(INFORMATION GIVEN)
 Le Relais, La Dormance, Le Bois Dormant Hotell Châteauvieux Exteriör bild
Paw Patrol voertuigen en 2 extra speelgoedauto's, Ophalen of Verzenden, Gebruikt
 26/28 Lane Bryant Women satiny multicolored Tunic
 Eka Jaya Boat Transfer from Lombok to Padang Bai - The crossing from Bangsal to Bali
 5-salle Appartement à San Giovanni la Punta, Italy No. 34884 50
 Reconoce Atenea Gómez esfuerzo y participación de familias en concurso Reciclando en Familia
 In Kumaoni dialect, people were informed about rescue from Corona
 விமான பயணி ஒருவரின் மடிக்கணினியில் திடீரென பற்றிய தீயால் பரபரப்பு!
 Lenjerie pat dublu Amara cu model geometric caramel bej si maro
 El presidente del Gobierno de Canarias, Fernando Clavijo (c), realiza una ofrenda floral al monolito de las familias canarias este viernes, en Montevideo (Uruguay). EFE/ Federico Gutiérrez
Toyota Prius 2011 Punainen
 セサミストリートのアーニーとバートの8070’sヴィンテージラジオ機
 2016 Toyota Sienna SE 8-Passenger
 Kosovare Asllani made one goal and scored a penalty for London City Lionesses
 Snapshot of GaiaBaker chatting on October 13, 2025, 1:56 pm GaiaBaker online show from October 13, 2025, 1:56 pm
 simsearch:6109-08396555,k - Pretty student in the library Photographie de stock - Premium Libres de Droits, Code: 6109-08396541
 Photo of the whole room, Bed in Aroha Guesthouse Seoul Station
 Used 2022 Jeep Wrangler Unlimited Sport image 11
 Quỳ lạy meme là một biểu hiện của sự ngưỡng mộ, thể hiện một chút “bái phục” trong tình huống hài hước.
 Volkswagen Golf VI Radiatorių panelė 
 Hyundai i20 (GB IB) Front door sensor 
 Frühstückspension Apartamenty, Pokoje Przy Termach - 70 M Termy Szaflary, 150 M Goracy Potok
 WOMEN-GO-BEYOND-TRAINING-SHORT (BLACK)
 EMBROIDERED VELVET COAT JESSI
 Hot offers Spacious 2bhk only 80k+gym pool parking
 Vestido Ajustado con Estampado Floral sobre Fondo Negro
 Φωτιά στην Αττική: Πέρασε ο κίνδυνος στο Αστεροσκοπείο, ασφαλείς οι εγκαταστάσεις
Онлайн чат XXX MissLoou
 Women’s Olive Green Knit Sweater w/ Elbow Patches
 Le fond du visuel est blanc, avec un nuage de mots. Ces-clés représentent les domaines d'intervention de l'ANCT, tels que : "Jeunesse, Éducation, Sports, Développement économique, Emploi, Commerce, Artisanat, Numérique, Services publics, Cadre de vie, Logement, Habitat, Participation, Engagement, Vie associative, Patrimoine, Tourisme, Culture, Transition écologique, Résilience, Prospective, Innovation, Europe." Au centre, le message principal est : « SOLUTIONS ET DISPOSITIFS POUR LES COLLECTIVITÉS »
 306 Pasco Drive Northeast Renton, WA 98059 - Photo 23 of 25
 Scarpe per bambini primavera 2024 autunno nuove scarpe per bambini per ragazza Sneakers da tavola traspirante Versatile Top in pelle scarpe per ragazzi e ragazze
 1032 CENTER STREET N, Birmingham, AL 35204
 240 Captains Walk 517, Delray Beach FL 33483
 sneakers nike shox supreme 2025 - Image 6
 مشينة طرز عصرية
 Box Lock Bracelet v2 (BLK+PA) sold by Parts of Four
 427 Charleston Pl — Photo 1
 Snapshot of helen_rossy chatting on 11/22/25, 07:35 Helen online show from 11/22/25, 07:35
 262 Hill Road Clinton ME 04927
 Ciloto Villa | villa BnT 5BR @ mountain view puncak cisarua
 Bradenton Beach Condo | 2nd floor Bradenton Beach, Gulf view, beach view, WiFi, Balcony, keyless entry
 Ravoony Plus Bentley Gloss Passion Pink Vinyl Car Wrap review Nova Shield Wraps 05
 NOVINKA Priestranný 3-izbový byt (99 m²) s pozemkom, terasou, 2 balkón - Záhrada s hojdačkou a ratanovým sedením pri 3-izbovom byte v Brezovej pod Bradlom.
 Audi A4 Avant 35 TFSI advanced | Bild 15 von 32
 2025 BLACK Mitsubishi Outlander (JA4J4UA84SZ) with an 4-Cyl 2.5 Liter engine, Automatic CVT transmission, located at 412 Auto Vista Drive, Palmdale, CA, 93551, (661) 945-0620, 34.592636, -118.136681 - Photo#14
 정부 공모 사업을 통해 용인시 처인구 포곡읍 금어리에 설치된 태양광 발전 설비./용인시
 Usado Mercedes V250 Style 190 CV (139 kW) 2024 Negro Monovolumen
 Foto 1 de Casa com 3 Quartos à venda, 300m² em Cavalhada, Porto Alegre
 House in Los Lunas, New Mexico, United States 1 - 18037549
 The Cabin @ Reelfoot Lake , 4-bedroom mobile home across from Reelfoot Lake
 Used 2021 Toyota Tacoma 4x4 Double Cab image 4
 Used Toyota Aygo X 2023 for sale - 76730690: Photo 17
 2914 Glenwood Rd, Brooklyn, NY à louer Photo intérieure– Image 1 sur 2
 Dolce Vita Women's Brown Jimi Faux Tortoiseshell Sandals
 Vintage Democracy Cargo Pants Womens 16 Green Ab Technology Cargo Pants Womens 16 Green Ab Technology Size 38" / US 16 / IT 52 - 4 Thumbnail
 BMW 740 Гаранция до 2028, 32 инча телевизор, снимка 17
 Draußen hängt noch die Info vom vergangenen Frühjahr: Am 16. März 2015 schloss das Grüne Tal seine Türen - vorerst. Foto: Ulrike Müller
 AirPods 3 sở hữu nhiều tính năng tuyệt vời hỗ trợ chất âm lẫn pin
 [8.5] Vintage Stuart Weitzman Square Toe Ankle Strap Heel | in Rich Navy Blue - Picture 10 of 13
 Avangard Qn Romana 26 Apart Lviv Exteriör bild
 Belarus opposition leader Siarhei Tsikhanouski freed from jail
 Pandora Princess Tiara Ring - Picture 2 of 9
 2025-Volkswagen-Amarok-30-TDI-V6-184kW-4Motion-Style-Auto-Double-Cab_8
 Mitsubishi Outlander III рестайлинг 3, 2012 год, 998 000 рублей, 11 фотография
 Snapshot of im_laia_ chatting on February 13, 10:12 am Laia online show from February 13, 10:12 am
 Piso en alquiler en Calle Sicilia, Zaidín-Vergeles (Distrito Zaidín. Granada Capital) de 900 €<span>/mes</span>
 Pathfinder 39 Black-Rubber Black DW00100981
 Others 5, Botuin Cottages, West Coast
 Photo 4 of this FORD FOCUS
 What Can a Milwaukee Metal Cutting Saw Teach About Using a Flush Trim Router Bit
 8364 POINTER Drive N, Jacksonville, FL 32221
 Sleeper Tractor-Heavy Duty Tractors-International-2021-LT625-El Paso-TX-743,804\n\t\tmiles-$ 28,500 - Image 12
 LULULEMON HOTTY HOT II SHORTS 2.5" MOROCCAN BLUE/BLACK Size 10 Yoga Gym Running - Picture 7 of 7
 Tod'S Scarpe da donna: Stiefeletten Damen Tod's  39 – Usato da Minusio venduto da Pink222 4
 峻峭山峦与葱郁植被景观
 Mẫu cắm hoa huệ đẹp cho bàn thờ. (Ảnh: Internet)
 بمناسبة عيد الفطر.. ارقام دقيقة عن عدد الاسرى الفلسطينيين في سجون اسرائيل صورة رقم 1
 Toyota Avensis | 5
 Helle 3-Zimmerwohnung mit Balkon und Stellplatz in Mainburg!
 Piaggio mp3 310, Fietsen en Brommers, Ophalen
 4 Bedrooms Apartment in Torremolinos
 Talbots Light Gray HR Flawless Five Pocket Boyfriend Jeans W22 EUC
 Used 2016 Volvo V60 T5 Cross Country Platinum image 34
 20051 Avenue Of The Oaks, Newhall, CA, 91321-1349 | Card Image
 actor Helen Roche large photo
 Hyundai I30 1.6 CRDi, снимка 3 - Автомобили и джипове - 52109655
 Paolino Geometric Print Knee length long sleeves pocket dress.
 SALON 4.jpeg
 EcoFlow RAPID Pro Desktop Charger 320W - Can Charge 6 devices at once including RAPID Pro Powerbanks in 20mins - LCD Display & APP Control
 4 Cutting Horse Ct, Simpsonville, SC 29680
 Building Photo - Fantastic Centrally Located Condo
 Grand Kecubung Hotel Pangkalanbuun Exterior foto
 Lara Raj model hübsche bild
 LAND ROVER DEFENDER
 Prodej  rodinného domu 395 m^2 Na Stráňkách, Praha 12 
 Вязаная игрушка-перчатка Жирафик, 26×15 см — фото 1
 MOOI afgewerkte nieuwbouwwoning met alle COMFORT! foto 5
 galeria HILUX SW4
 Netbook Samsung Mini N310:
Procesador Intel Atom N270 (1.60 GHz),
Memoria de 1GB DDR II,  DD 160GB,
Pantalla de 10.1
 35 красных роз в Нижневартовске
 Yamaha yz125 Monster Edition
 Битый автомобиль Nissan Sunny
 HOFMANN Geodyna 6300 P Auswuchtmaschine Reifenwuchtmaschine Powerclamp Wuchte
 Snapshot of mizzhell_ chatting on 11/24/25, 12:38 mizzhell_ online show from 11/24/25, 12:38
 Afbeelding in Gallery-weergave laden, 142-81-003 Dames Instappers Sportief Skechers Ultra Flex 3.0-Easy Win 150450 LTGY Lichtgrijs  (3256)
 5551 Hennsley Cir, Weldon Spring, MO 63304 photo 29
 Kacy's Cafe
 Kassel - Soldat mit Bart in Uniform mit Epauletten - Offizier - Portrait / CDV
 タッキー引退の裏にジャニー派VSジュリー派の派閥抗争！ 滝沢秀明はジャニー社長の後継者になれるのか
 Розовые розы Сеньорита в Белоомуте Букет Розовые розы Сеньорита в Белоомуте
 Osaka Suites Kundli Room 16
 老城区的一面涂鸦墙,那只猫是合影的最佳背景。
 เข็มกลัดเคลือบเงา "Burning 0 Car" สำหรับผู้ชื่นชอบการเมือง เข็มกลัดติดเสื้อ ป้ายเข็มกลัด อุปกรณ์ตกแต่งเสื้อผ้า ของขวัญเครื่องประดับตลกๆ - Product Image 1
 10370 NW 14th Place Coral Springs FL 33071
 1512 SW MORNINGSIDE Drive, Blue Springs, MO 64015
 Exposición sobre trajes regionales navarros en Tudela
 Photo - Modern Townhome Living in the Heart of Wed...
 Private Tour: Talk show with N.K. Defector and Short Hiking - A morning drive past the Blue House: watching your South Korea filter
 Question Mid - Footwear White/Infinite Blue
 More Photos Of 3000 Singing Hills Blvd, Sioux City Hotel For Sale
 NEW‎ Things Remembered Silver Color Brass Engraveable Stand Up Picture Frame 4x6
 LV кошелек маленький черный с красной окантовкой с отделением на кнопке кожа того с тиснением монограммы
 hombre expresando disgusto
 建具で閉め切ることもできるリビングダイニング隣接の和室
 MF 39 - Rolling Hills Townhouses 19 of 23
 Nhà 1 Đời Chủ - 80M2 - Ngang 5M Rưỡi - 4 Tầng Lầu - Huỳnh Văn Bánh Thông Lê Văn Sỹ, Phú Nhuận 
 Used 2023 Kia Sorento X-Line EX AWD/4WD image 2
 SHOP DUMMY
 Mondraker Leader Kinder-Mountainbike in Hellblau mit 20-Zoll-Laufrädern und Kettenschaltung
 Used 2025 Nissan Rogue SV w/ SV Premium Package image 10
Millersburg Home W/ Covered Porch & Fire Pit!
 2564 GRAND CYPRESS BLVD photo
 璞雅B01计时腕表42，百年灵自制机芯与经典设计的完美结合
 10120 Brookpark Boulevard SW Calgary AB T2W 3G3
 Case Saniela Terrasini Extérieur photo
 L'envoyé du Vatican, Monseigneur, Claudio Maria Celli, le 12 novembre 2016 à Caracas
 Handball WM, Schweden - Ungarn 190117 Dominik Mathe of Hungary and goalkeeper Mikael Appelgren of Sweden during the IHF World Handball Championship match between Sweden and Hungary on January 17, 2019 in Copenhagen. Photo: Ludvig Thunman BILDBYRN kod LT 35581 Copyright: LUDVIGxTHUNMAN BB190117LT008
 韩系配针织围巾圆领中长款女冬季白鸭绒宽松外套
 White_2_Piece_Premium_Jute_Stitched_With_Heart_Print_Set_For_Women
(End INFORMATION GIVEN)
HOW TO COMPLETE THIS TASK.
Nothing but the lines from the beginning of the records through the line with "Kosovare Asllani made" should appear, each printed exactly.

RESULT.
 Le Relais, La Dormance, Le Bois Dormant Hotell Châteauvieux Exteriör bild
Paw Patrol voertuigen en 2 extra speelgoedauto's, Ophalen of Verzenden, Gebruikt
 26/28 Lane Bryant Women satiny multicolored Tunic
 Eka Jaya Boat Transfer from Lombok to Padang Bai - The crossing from Bangsal to Bali
 5-salle Appartement à San Giovanni la Punta, Italy No. 34884 50
 Reconoce Atenea Gómez esfuerzo y participación de familias en concurso Reciclando en Familia
 In Kumaoni dialect, people were informed about rescue from Corona
 விமான பயணி ஒருவரின் மடிக்கணினியில் திடீரென பற்றிய தீயால் பரபரப்பு!
 Lenjerie pat dublu Amara cu model geometric caramel bej si maro
 El presidente del Gobierno de Canarias, Fernando Clavijo (c), realiza una ofrenda floral al monolito de las familias canarias este viernes, en Montevideo (Uruguay). EFE/ Federico Gutiérrez
Toyota Prius 2011 Punainen
 セサミストリートのアーニーとバートの8070’sヴィンテージラジオ機
 2016 Toyota Sienna SE 8-Passenger
 Kosovare Asllani made one goal and scored a penalty for London City Lionesses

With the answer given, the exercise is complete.